Facebook: Open for Advertising, Open for Business |
People are upset over this, but, it’s not for the reasons that most people are talking about, that is, it isn’t that either Facebook or Cambridge Analytica behaved unethically. They didn’t. They behaved exactly as they were supposed to. The mistake they made was that Facebook users were reminded of how it all works.
What do I mean?
Let’s back up a minute, and look at both Facebook’s business model and also how advertising works.
Facebook is a social networking site, where you can connect with lots of people. That’s not a business model—there is no mention of how the rent is paid (salaries, their giant electrical bill, money to buy new servers and replace old ones). The business model is actually a very old one, one that’s been around for decades: advertising. As any old-school American television scholar will tell you, “If the product is free, you are the product.” This has been true for broadcast television and radio for decades. But as television offerings and the idea of “radio” have complexified, the idea “over-the-air” broadcasting has been somewhat forgotten: many people get their local, i.e., broadcast, television via cable, satellite, or the internet. The local airwave component is not part of that picture even though it’s still there.
The advertising industry, for decades, has wanted perfect consumer profiles for each and every individual. This way they can advertise to you perfectly. “Advertise” is just a polite word for manipulate. Yes, manipulate. Not influence, not coerce, but manipulate. It’s behavioral propaganda. Credit card data and frequent shopper cards were a good start, but the internet, once it reached the right scale, was a bonanza of behavioral data. With big data capabilities, perfect advertising may finally be within reach.
Most advertising that we think about is consumer-based, trying to get you to buy a product. Yes, you, buy this. That’s the idea. It is that basic. And political advertising is exactly the same: behavioral acceptance of a product. But in this case, your behavior is voting, not buying, and the product is a politician, not a good or service (that could be argued but doesn’t matter). It’s the same: advertisements try to manipulate your behavior to the advertiser’s desired outcome.

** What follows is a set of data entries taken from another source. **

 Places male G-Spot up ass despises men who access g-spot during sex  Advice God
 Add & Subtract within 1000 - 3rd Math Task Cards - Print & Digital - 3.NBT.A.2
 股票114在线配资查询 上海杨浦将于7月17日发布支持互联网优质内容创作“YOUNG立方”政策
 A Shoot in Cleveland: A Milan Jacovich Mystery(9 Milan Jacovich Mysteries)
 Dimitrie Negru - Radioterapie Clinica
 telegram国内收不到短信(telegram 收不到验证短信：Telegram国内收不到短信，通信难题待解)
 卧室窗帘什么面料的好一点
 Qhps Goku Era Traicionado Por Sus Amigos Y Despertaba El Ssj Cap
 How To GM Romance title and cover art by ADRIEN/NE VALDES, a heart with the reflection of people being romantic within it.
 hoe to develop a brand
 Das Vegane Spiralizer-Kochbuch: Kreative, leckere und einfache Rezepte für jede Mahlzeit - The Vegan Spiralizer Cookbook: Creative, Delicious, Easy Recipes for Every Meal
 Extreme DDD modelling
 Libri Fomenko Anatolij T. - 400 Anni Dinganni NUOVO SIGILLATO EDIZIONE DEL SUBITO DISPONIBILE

There is one other important aspect to advertising: that you not think about the advertising. And that’s where the failure is for Facebook and Cambridge Analytica. When you think about the advertising and how it really works, you realize you are the product. If you realize your vote, which is supposed to be sacrosanct, can be manipulated, then it throws into question what you might want to think about democracy and free will. (If you do not live in a democracy, this explanation probably seems short-sighted.) Capitalism is triumphing over democracy, and it’s not supposed to be that way.

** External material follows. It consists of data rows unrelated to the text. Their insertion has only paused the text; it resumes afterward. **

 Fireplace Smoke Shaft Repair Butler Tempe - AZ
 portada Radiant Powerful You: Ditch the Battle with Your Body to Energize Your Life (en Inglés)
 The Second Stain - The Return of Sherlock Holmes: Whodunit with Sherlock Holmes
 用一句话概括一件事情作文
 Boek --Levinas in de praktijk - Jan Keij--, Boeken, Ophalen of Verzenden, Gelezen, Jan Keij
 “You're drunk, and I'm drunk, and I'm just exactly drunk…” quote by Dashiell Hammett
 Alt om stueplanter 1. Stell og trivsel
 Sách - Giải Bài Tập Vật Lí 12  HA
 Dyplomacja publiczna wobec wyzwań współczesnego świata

Except, it is. Facebook thrives on a user-based advertising model where you are the product. All of your data and access to you is sold to advertisers, or, if Facebook can keep your data, Facebook itself can make all the behavioral models and then sell access to you (the advertisers will still need to make the “right” advertisements, but Facebook will provide the “right” people). Advertising works by showing you what will manipulate you into the desired behavior, be it buying or voting—they’re the same, it’s just a selection on your part.
Facebook will continue to make its service available for free to users, and can do so because the users are the product. Again, this is not new. Facebook sells access to its users to advertisers with precision targeting because Facebook has so much data about your behaviors and preferences, and although there are other financial models this is the one Facebook is currently using. Advertisers try to manipulate your preferences and behaviors based on your past preferences and behaviors.
None of this is new. (Suddenly, my media studies degree is looking pretty hot!)
Where they screwed up was that users remembered that they, the users, were the product, and that they, the users, were the subject of manipulation in the political domain where an individual’s voting preference is supposed to be pristine, determined solely by the voter, beyond manipulation and not for sale. Except, that isn’t true. Just most of the time we don’t want to think about it.
Addendum 1: Google's business model is also advertising.
Addendum 2: Zuckerberg's first website.